### Brief descriptive captions

[Start of Attachment]

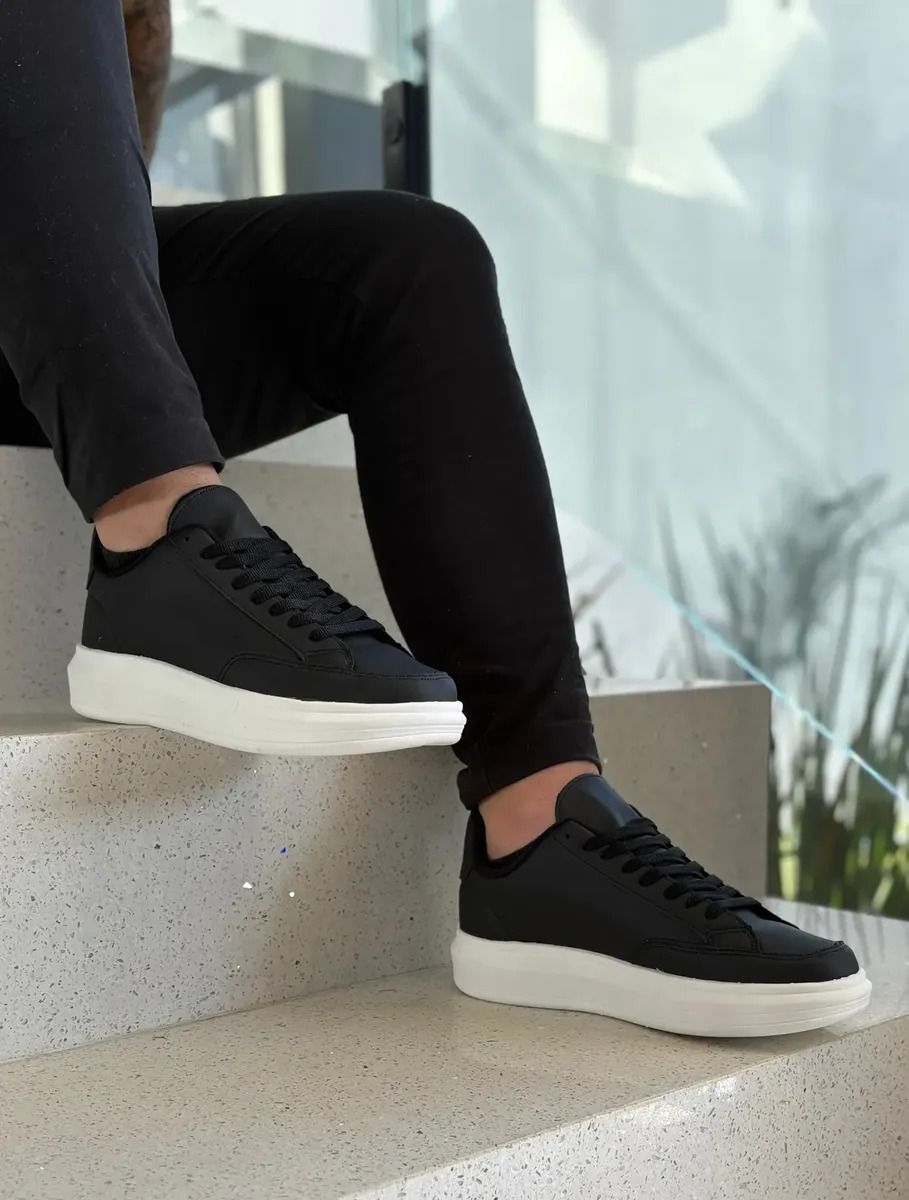 Tenis Casual Masculino Sola Alta Aumenta Altura (34 ao 43)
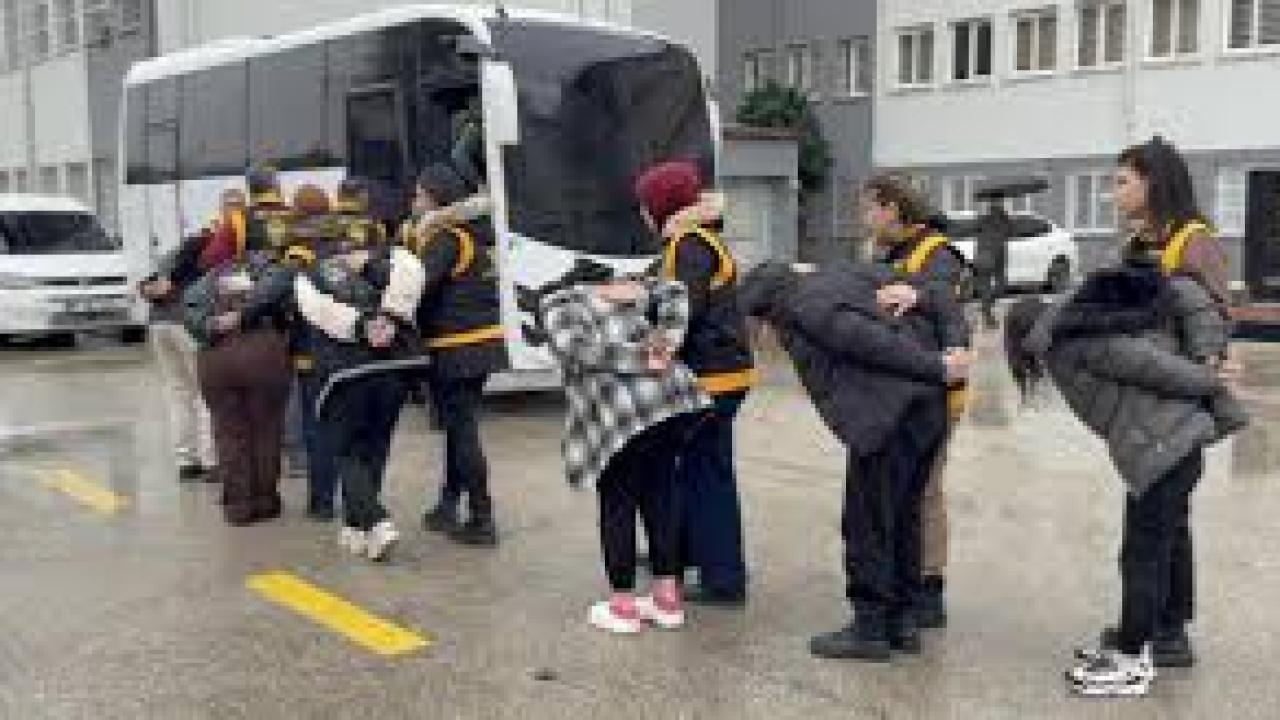 Dublörlerle 10 milyonluk vurgun: Kod adları "Profesör", "Firavun" ve "Azad"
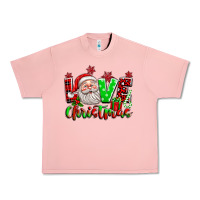 Salmon love christmas santa Urban Heavy Tee - texasbilliewilder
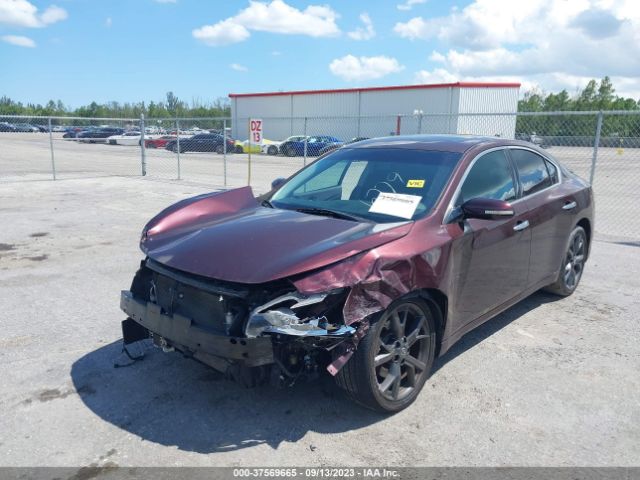 1N4AA5AP3EC476779 Nissan Maxima 3.5 Sv W/sport Pkg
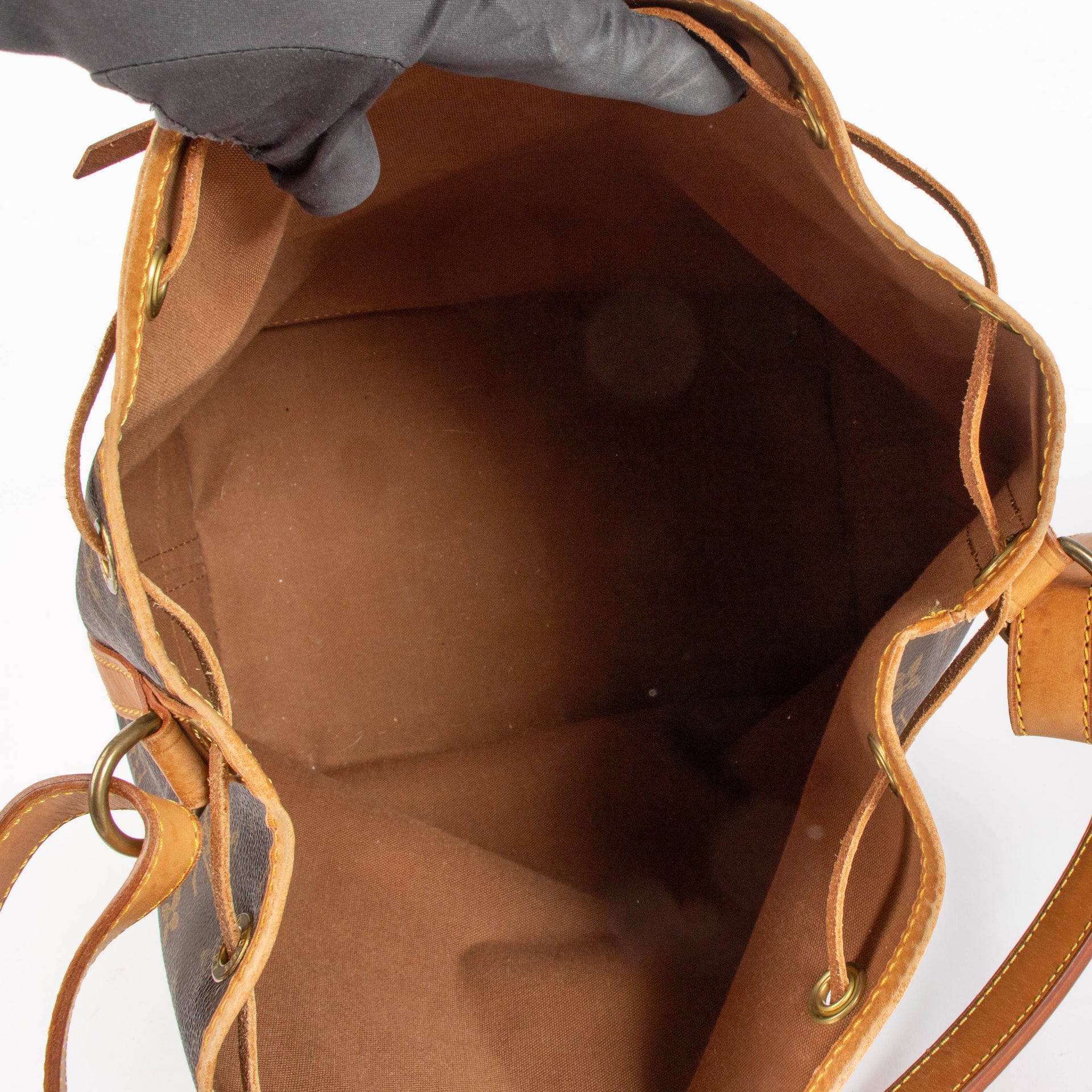 Louis Vuitton Vintage Monogram Canvas Noé Bag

[End of Attachment]

### Problem
Line for line, restate the data above and omit every picture.

### Written answer
 Tenis Casual Masculino Sola Alta Aumenta Altura (34 ao 43)
 Dublörlerle 10 milyonluk vurgun: Kod adları "Profesör", "Firavun" ve "Azad"
 Salmon love christmas santa Urban Heavy Tee - texasbilliewilder
 1N4AA5AP3EC476779 Nissan Maxima 3.5 Sv W/sport Pkg
 Louis Vuitton Vintage Monogram Canvas Noé Bag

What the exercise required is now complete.